Please, without the pictures, restate every entry exactly.

..............................

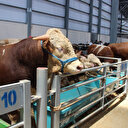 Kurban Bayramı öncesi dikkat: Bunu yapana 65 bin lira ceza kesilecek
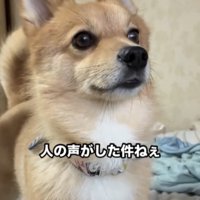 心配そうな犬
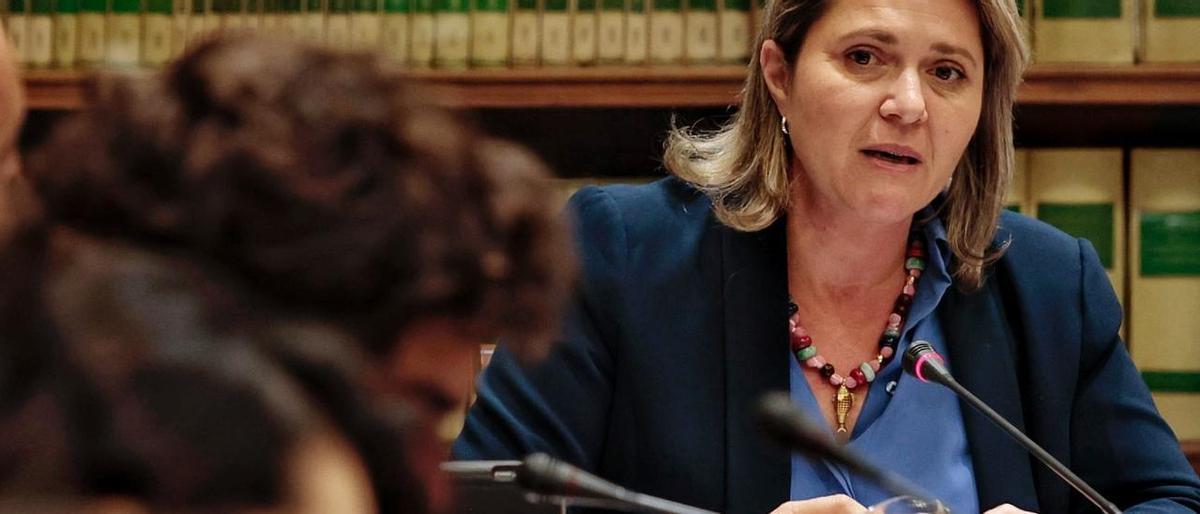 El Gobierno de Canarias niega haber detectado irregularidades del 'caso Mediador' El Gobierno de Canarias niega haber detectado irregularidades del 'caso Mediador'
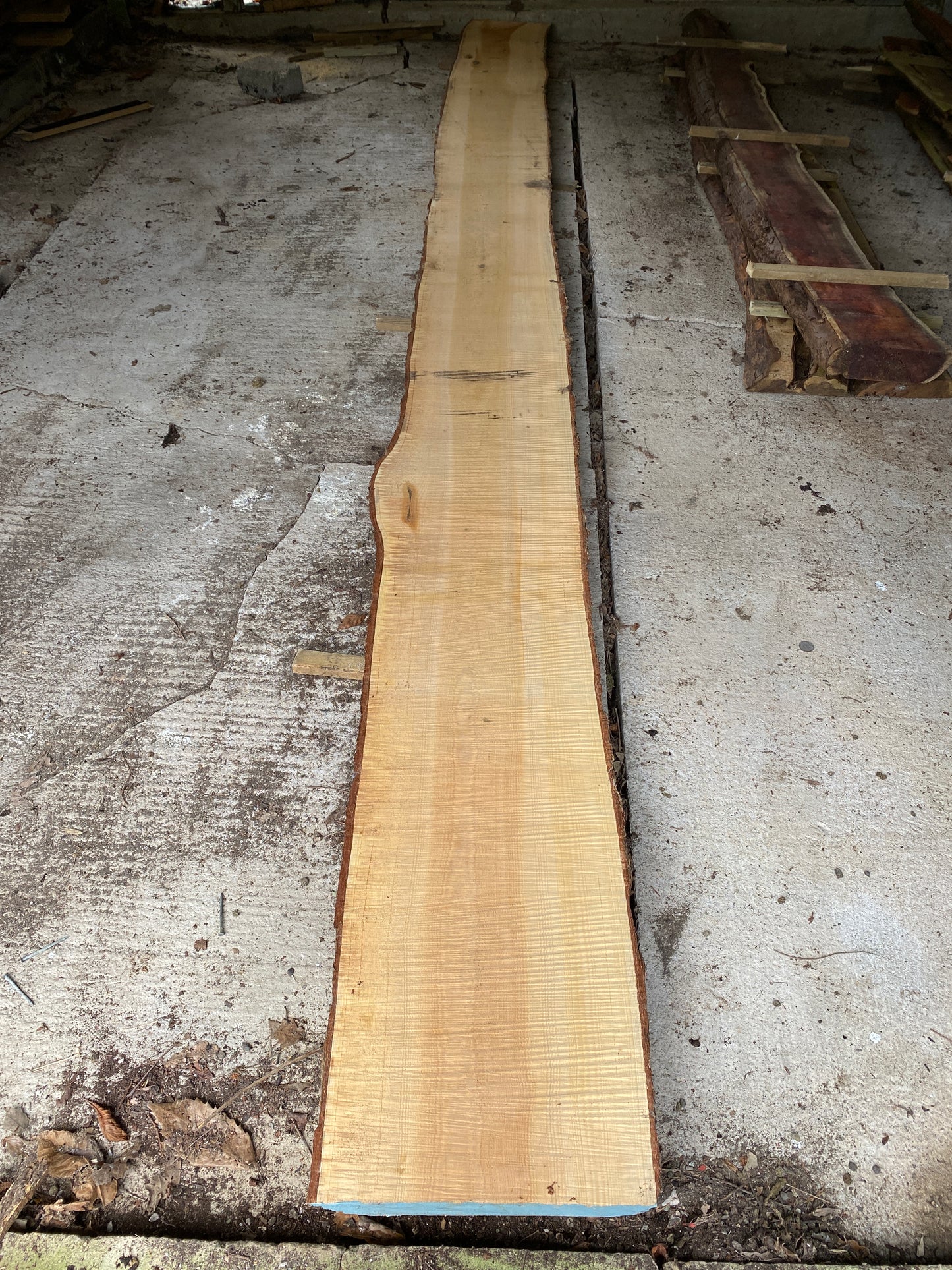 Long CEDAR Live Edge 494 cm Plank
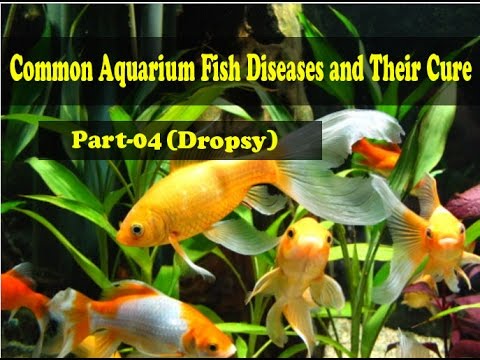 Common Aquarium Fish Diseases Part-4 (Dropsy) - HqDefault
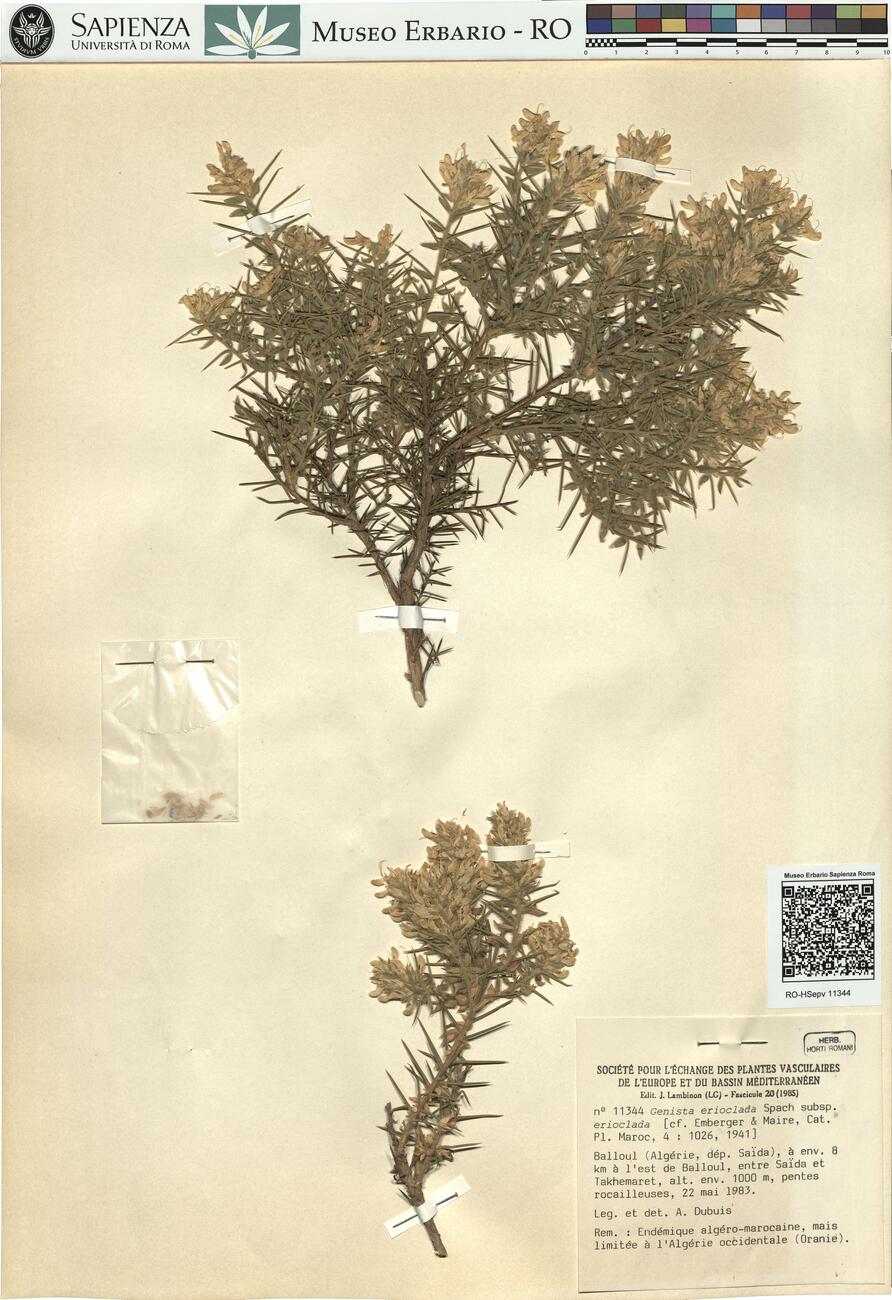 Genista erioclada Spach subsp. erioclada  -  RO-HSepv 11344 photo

..............................

→ ANSWER BELOW
 Kurban Bayramı öncesi dikkat: Bunu yapana 65 bin lira ceza kesilecek
 心配そうな犬
 El Gobierno de Canarias niega haber detectado irregularidades del 'caso Mediador' El Gobierno de Canarias niega haber detectado irregularidades del 'caso Mediador'
 Long CEDAR Live Edge 494 cm Plank
 Common Aquarium Fish Diseases Part-4 (Dropsy) - HqDefault
 Genista erioclada Spach subsp. erioclada  -  RO-HSepv 11344 photo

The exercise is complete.